A simple example of a virtual host setup using NodeJS and Express applications.

Getting Started

Virtual Hosts allow you to handle multiple domain names through a single server instance compared to having to run a separate server per host configuration. This will share all system resources such as memory, processor cycles, and storage across all your applications.

ExpressJS is a minimal and flexible web application framework that runs ontop of Node.js. Express allows for both dynamic and static website hosting and is ideal for this scenario.

Prerequisites

1 -- Install Node.js and npm if they are not already installed on your machine.

Verify that you are running at least node 6.9.x and npm 3.x.x by running node -v and npm -v in a terminal/console window. Older versions produce errors, but newer versions are fine.

2 -- Optionally, install Git if you do not have it already installed on your machine. If you do not install Git, you will have to download this repository separately as a zipped folder and unzip it later.

3 -- Have ownership over a website(s) and ability to modify the DNS/Network configuration for each host.

4 -- Create A DNS records for each host you want your server instance to manage and have it set to the IP Address of your sever.

Installing

1 -- Clone this repository onto your server instance using Git. If you do not have Git installed, you will need to download this repository as a folder and unzip it.

git clone https://github.com/Manbearpixel/ExpressVirtualHostExample.git

2 -- In your terminal/console window install the dependencies this project requires.

# switch to the downloaded repository
cd ExpressVirtualHostExample

# install dependencies
npm install

3 -- If you are going to use the example express application sub directories (admin, dash, and proto) install their dependencies as well.

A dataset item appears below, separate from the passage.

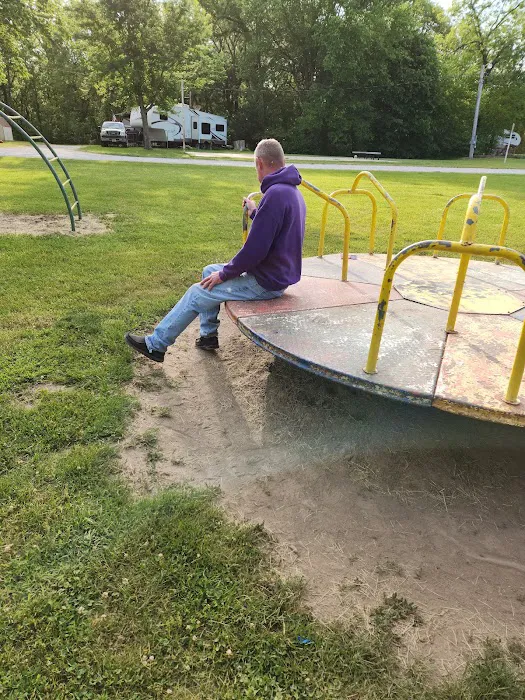 Hidden Lake Picture 5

# install sub-folder dependencies (this includes: admin/, dash/, proto/
npm init

4 -- You will need to edit boot.js properly by pointing your domain names (example.com) or subdomain names (sub.example.com) to the respective folder. You can use the current example folders to play with for now (admin, dash, proto).

// This function creates a virtual host for a specified "domainName"
// and will send traffic to the "directoryPath"
function createVirtualHost(domainName, directoryPath)
...

// This creates an instance of a virtual host and will route traffic
// that hits "dash.example.com" to the folder "dash/"
let dashboardHost = createVirtualHost('dash.loki.chat', 'dash');
...

// This tells the primary Express App to use the virtual host instance
// created earlier
app.use(dashboardHost);

Running

To run the Express VirtualHost server, simply run the command npm run start. This will listen to traffic hitting your server (default port = :80). Assuming you have the proper DNS settings for your websites and matching domains set in boot.js then traffic will flow properly. You can turn off your server by stopping this process.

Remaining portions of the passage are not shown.